◆ **ACTION ITEM**: Could you transcribe exactly the lines below, from the line with "FP Drop-Waist Tube Midi Dress" through the line with "Ckx Casque Hors-Piste", and nothing else, leaving out the pictures?

◆ **DATASET RECORDS**:
****************************************
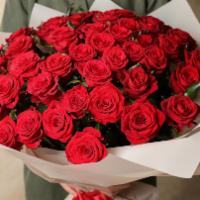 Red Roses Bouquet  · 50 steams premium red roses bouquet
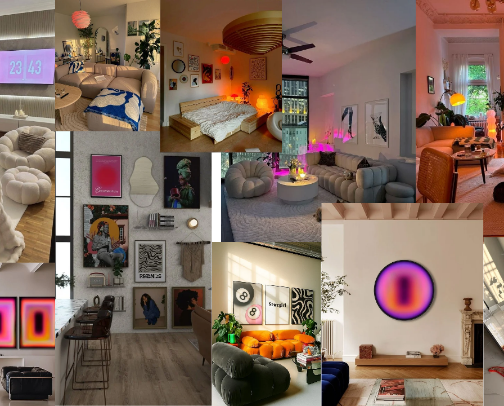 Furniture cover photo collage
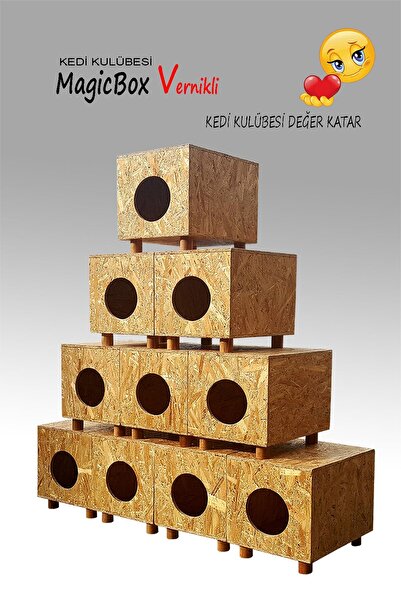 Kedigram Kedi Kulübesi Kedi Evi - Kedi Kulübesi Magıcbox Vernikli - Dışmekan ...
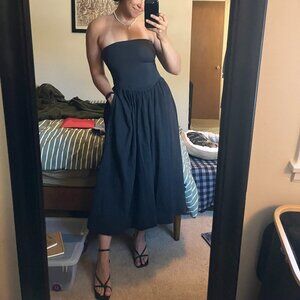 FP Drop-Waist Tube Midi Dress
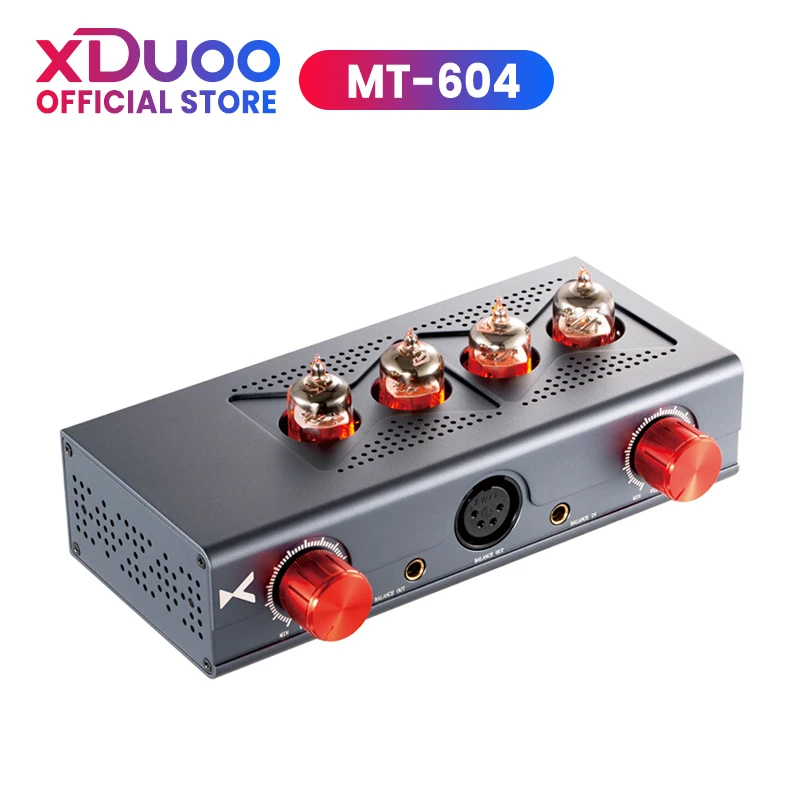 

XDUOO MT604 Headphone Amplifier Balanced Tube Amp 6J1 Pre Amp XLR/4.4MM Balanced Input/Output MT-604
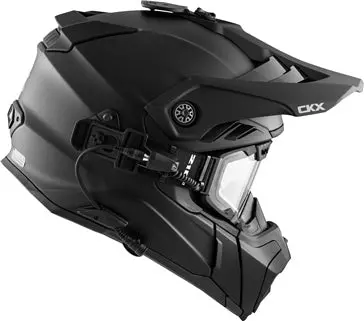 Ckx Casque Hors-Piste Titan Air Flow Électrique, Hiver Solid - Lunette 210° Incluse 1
****************************************
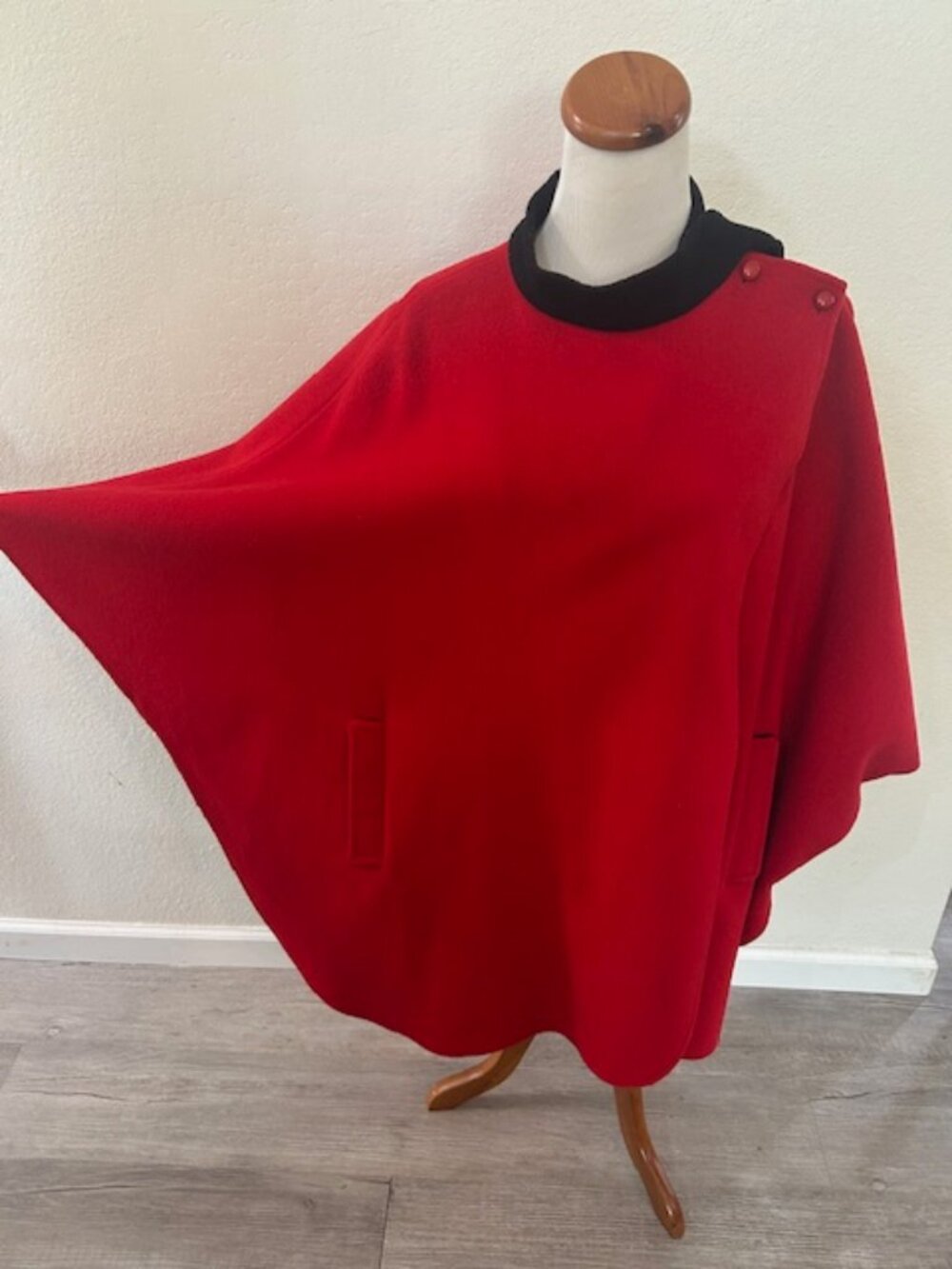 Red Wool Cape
****************************************
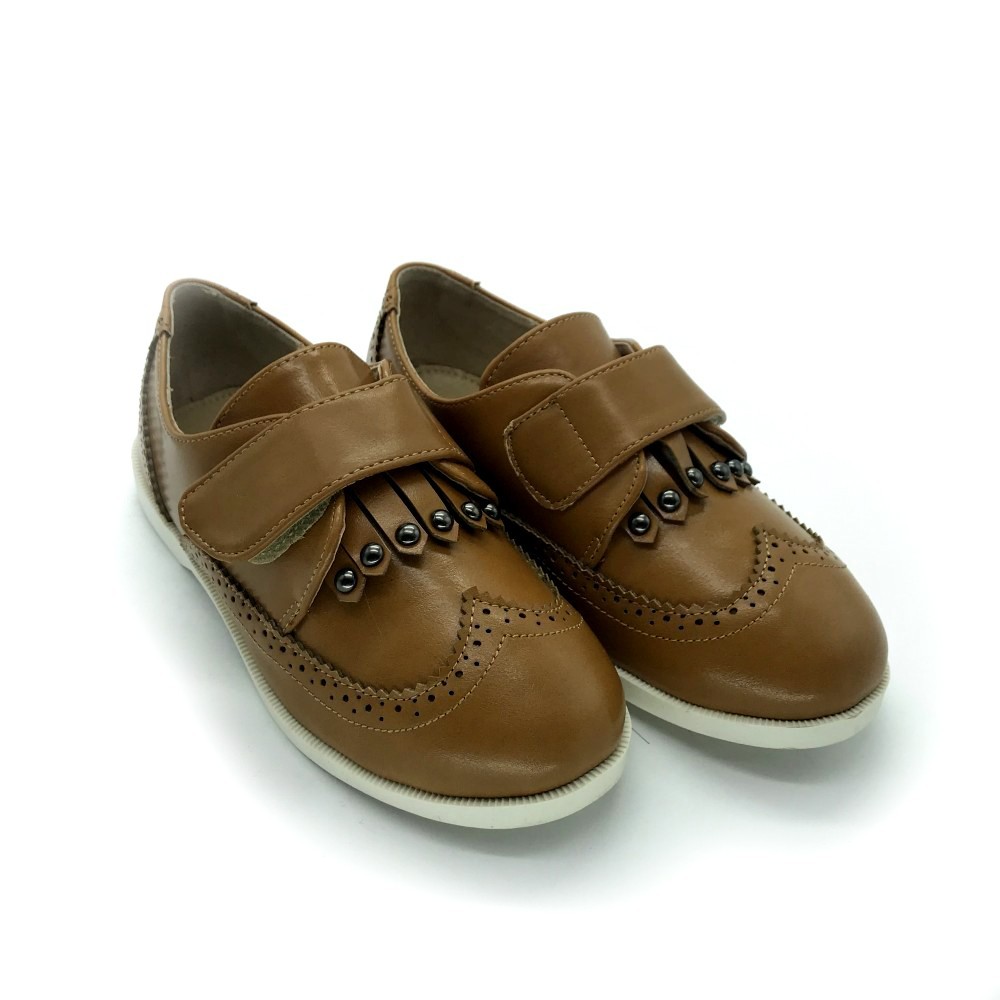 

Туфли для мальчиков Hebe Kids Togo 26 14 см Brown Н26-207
****************************************
◆ **WRITTEN RESPONSE**:
 FP Drop-Waist Tube Midi Dress

XDUOO MT604 Headphone Amplifier Balanced Tube Amp 6J1 Pre Amp XLR/4.4MM Balanced Input/Output MT-604
 Ckx Casque Hors-Piste Titan Air Flow Électrique, Hiver Solid - Lunette 210° Incluse 1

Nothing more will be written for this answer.